They Might All Go to the Moon

Murakami writes about an artist who flees to the mountains in “Killing Commendatore”. Early in the book, the artist throws his phone into a river. When his ex finally gets in touch with him, she complains that he wasn’t picking up his phone. It’s probably in the Japan Sea, he shrugs.

Can you name a more intoxicating feeling than throwing your phone in a river? I want you to imagine this, right now. The feeling of that slice of glass and metal, the warmth and the weight of it in your hand. You raise your arm and wind up, using muscles that have been dormant since you last played volleyball in gym class. Your shoulder might twinge. Maybe the phone slips a little as you release your grip at the top of the throw: the case is filmy with finger grease and lotion. You often dropped it in the bathroom because of this. But by now it’s a glass bird arcing then plummeting with an inelegant plop into the nearest body of water.

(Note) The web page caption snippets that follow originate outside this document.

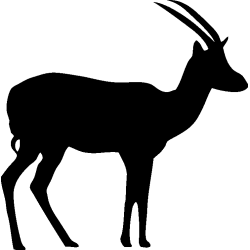 elan2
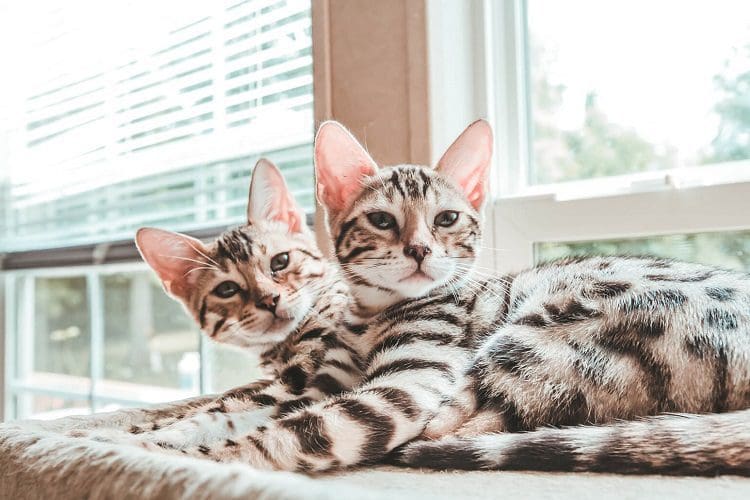 How to Discipline a Cat: 5 Proven Methods for a Harmonious Relationship 1 Establish rules for your cat and stick to them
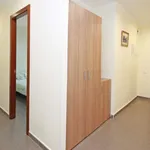 Alquilar 3 dormitorio apartamento en Barcelona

It’s gone. Maybe the phone lights up with distress as the water sensors detect something is horribly wrong. But it’s too late.

How do you feel knowing that you cannot check if your ex viewed your latest post? How do you feel knowing that you can’t post about this moment to your followers because you have no other electronic device to soothe yourself? Are you twitching with distress? Are you wading into the river, sobbing, diving to the bottom and searching the slick stones of the riverbed?

Or are you smiling? Are you, at last, finally aware of what a robin sounds like at 2:30 on a Spring afternoon? Have you noticed the blooming tree on your street corner? Are you finally unreachable and now a living god?